#### [PROBLEM TO WORK ON]
Start to finish, print the data below exactly, without the images.

Pictures with short captions:
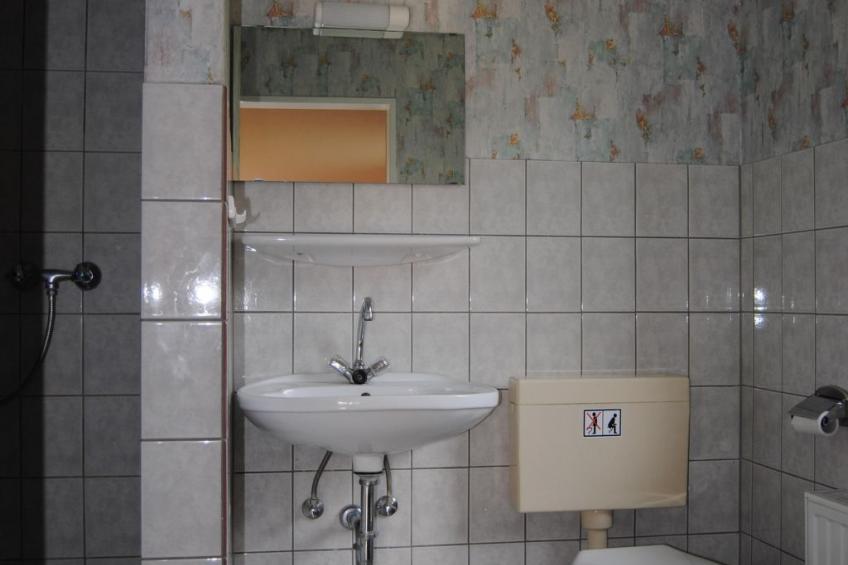 Wohnung in beliebtem Gästehaus mit Fahrradverleih - foto 12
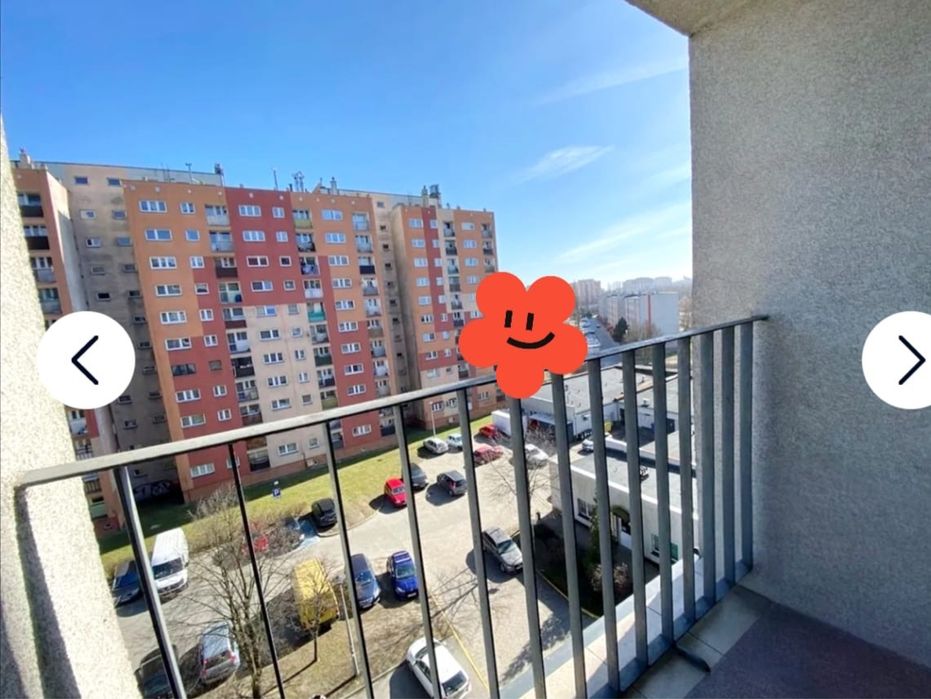 Mieszkanie – Częstochowa - Widok 4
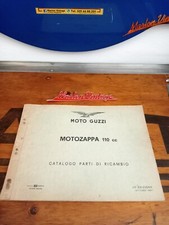 Moto guzzi motozappa usato  Sanremo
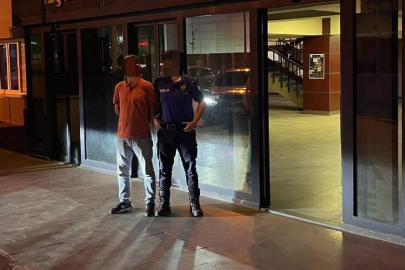 Kocaeli'de dolandırıcılıktan aranan hükümlü yakalandı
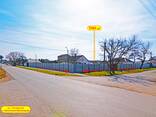 Участок с домом в курортном пригороде Евпатории - фото 1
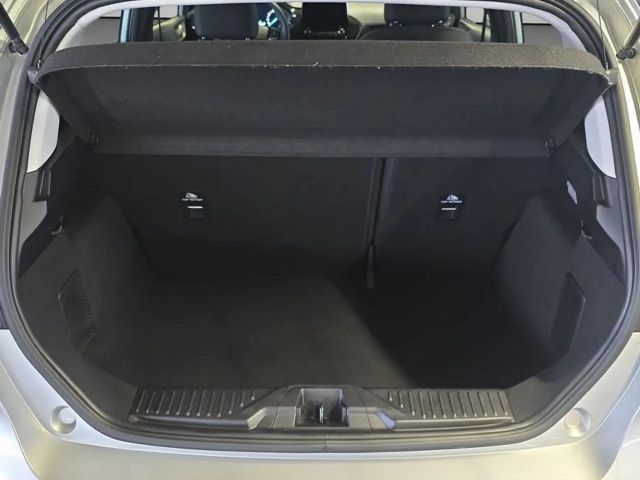 Ford Fiesta Cool & Connect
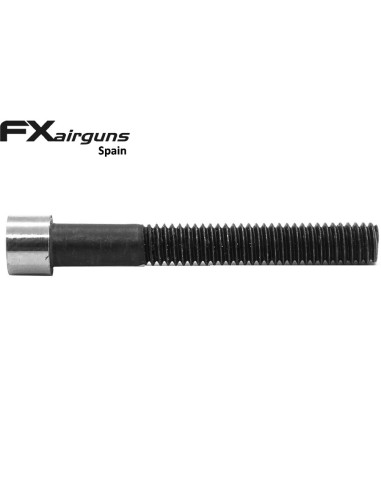 Tornillo M4x30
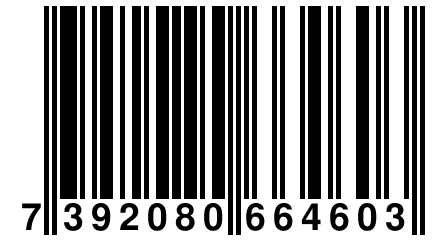 7 392080 664603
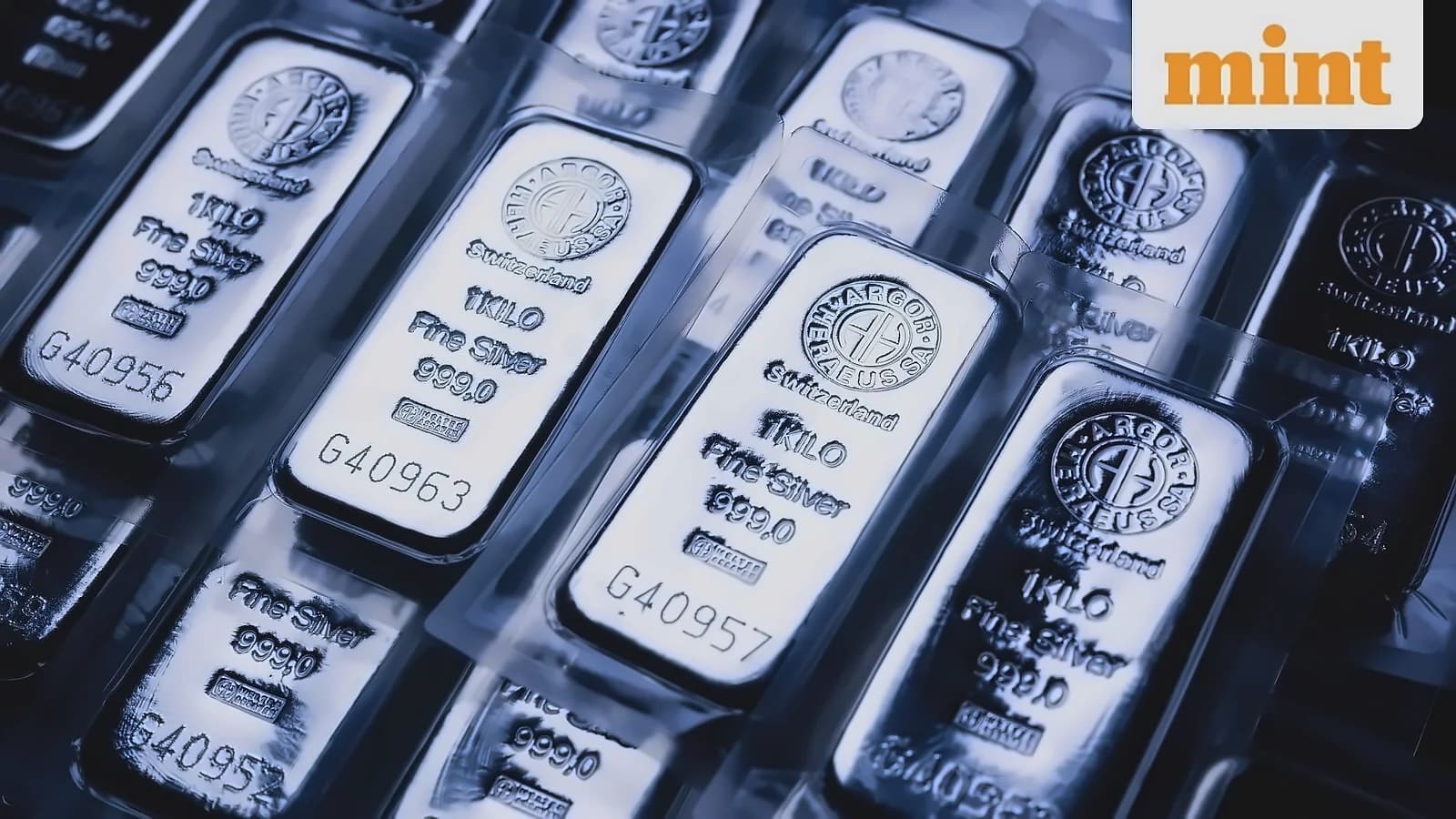 Silver crashes ₹2 lakh from peak, FII outflows hit $18B amid Iran war
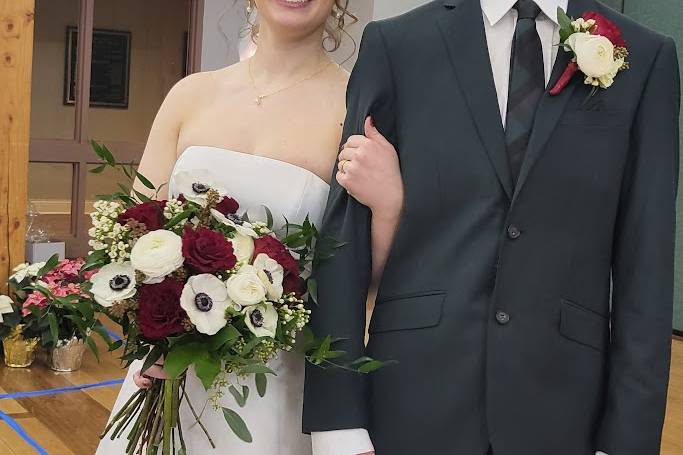 The Happy Couple
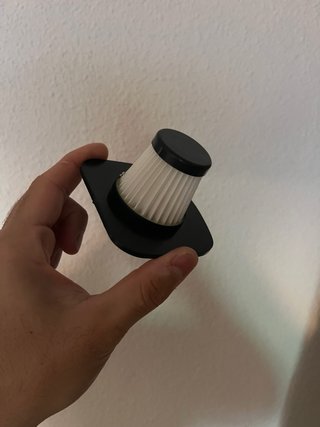Cecotec Conga Aspirador Mano 22.2V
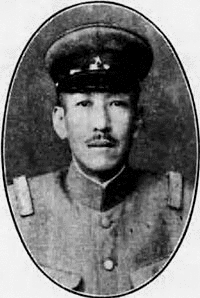 安藤紀三郎の画像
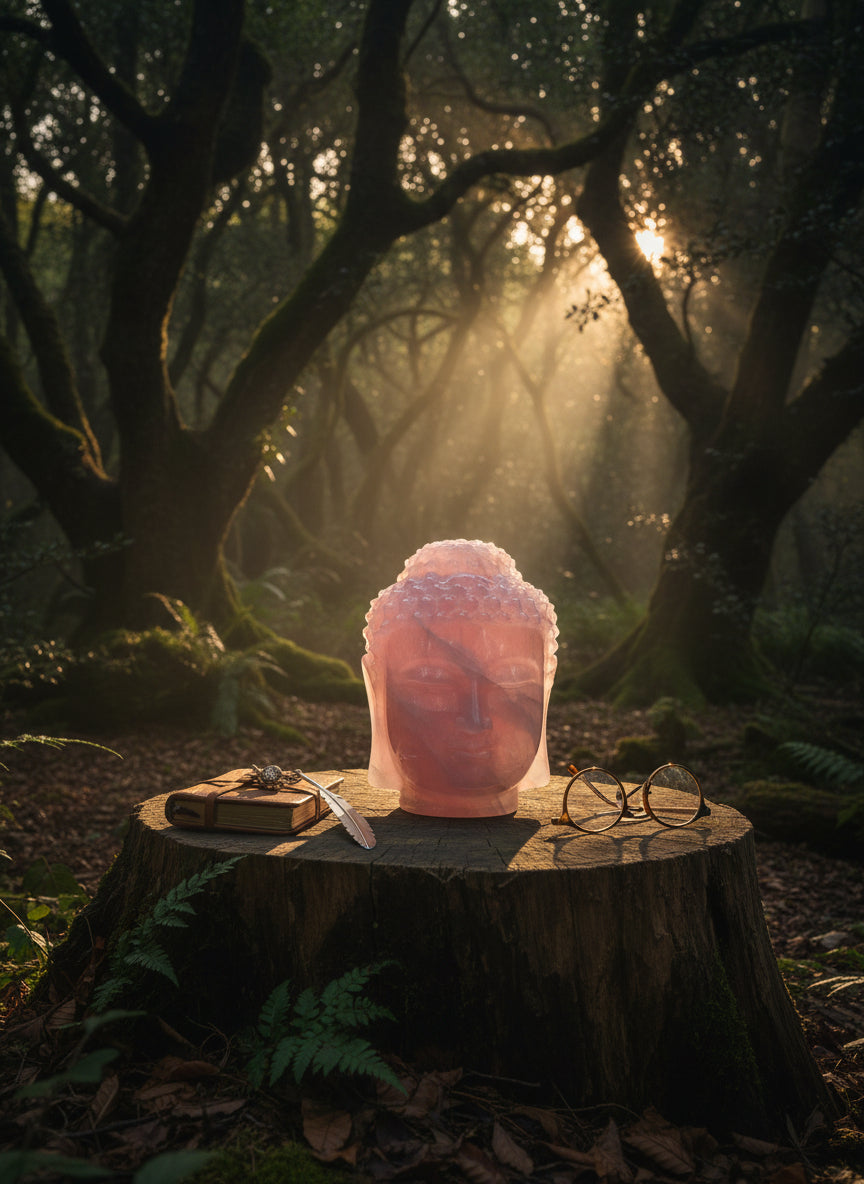 The Heart of Enlightenment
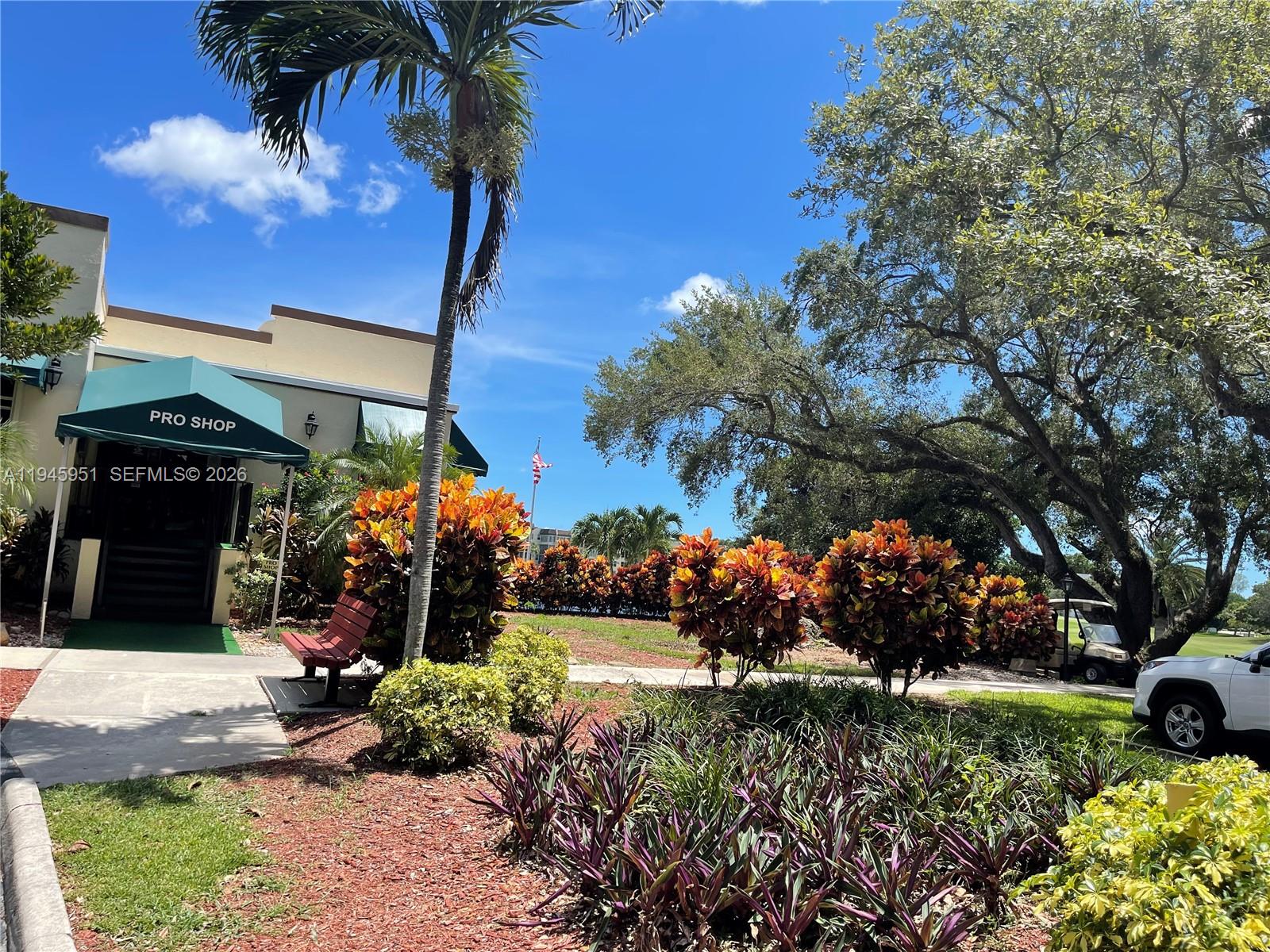 CONDO 2 OF SABAL PALM CON - Residential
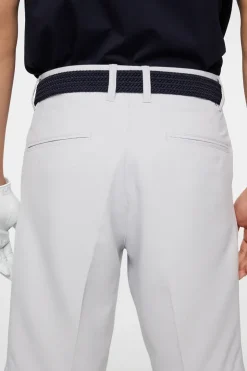 Golf|Shorts<J.Lindeberg Heath Shorts LightGreyMelange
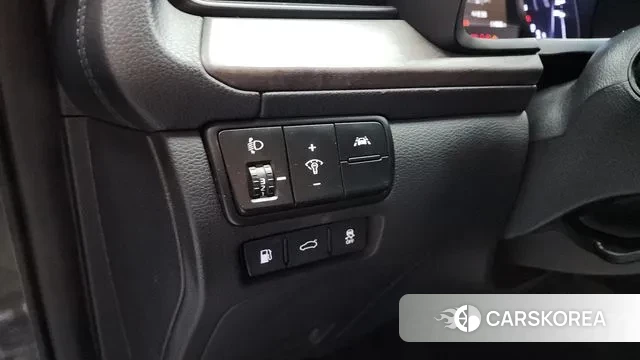 Kia K7 Premier id 3489047 из Кореи 8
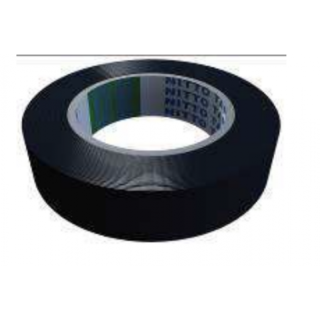 RUBAN PVC NOIR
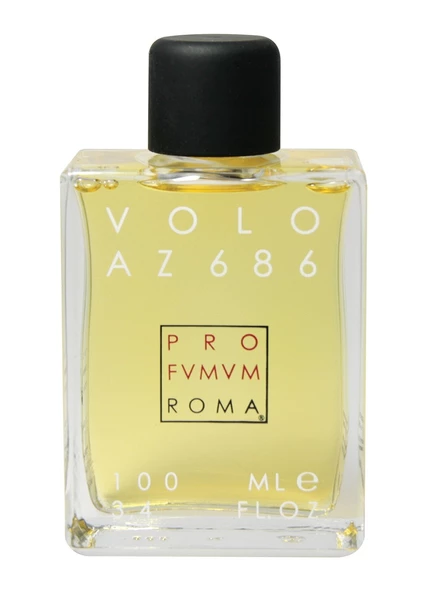 Profumum Roma Volo Az 686 100 ml EDP Unisex Parfüm ürün görseli 1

#### [YOUR SOLUTION]
 Wohnung in beliebtem Gästehaus mit Fahrradverleih - foto 12
 Mieszkanie – Częstochowa - Widok 4
 Moto guzzi motozappa usato  Sanremo
 Kocaeli'de dolandırıcılıktan aranan hükümlü yakalandı
 Участок с домом в курортном пригороде Евпатории - фото 1
 Ford Fiesta Cool & Connect
 Tornillo M4x30
 7 392080 664603
 Silver crashes ₹2 lakh from peak, FII outflows hit $18B amid Iran war
 The Happy Couple
Cecotec Conga Aspirador Mano 22.2V
 安藤紀三郎の画像
 The Heart of Enlightenment
 CONDO 2 OF SABAL PALM CON - Residential
 Golf|Shorts<J.Lindeberg Heath Shorts LightGreyMelange
 Kia K7 Premier id 3489047 из Кореи 8
 RUBAN PVC NOIR
 Profumum Roma Volo Az 686 100 ml EDP Unisex Parfüm ürün görseli 1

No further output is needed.